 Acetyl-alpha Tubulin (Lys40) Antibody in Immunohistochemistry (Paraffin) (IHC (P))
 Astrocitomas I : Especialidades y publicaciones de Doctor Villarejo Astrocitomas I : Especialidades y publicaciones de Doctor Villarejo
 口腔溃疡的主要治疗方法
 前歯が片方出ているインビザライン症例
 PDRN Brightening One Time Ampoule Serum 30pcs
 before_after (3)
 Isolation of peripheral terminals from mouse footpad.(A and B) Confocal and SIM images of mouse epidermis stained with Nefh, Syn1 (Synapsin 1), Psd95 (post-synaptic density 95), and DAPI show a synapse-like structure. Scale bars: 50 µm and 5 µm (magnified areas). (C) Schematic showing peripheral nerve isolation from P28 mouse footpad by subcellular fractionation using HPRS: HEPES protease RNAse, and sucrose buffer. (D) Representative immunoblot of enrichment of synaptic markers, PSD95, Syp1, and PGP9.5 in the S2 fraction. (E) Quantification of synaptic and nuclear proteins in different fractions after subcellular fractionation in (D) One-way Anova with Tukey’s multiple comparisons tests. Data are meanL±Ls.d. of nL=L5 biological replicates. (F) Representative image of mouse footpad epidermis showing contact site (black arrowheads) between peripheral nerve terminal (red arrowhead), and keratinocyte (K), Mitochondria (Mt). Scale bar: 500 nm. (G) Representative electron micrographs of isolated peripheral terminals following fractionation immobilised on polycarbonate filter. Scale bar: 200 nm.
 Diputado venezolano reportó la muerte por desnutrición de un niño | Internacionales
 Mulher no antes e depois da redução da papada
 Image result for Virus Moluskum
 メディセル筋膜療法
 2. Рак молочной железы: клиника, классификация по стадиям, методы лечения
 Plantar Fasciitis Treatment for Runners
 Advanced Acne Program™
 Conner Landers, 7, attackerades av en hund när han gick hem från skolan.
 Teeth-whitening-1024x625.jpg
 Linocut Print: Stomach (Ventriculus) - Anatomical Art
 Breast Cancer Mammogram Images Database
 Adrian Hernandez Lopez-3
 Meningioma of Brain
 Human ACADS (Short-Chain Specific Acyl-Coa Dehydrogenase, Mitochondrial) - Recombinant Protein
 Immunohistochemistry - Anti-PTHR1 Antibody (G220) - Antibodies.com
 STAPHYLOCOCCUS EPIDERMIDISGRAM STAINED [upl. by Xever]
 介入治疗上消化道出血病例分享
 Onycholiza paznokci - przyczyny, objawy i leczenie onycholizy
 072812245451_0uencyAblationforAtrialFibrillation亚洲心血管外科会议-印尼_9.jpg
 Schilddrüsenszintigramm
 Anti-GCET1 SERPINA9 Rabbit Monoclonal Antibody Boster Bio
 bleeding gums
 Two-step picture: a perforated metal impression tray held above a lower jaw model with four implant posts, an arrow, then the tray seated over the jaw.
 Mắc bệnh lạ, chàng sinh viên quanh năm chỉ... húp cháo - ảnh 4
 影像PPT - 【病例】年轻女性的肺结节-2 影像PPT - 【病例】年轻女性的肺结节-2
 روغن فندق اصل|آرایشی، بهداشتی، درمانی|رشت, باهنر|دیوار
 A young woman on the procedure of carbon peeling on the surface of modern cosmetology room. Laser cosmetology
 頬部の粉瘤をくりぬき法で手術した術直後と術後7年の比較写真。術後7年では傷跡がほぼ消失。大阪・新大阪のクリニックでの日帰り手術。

# # # #

Assigned task:
Filter the entries above and keep only the lines with the word "Immunohistochemistry".

Written solution:
 Acetyl-alpha Tubulin (Lys40) Antibody in Immunohistochemistry (Paraffin) (IHC (P))
 Immunohistochemistry - Anti-PTHR1 Antibody (G220) - Antibodies.com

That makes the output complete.